### Task description
Beginning with the line of the entries below that holds "ఆధార్‌ నమోదు బహుదూరం" and ending with the line that holds "Xe MPV Hyundai", transcribe each line exactly as written. Pictures stay out.

### Dataset

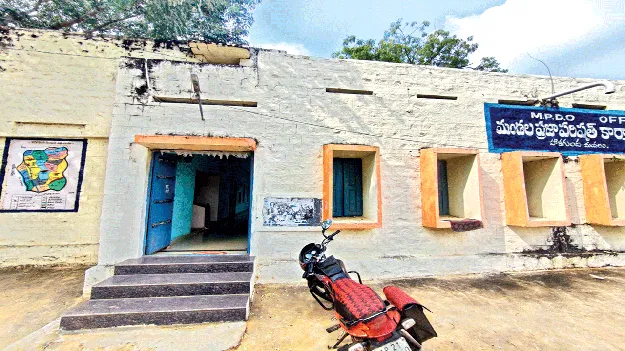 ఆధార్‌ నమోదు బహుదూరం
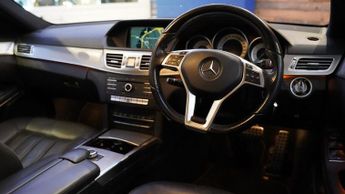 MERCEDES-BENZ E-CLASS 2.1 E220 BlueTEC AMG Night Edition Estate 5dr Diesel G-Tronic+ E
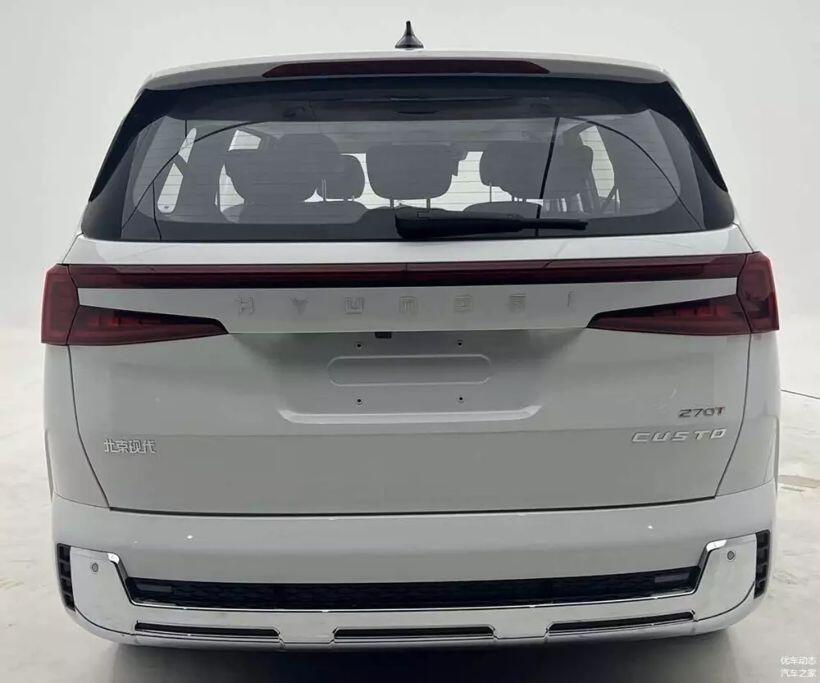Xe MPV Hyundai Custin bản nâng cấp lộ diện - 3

* * *

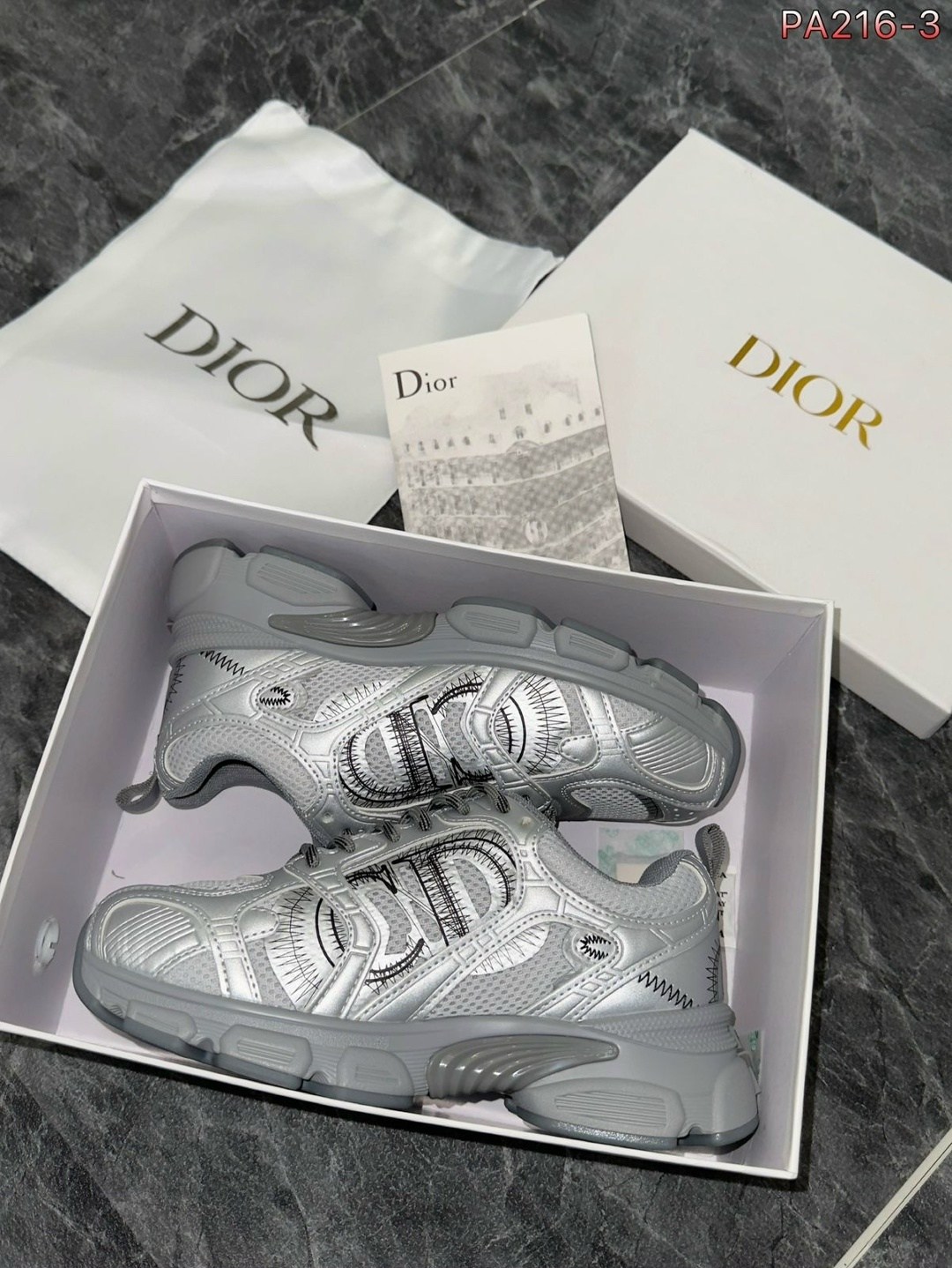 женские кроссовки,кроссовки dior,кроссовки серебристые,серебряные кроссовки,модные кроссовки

---

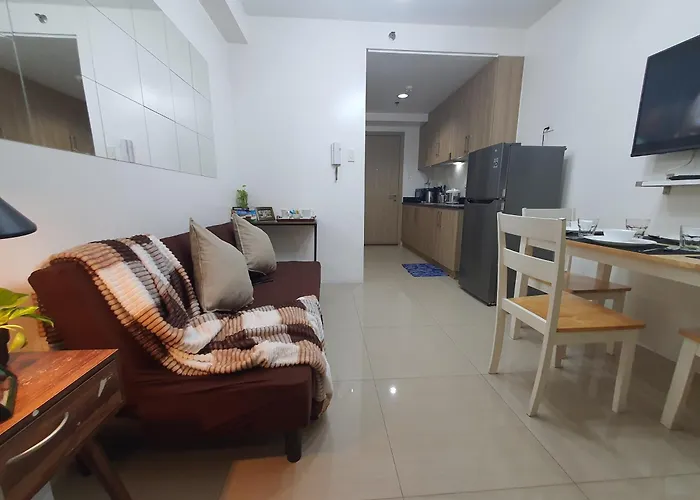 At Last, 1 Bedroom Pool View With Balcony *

### Answer to this problem
 ఆధార్‌ నమోదు బహుదూరం
 MERCEDES-BENZ E-CLASS 2.1 E220 BlueTEC AMG Night Edition Estate 5dr Diesel G-Tronic+ E
Xe MPV Hyundai Custin bản nâng cấp lộ diện - 3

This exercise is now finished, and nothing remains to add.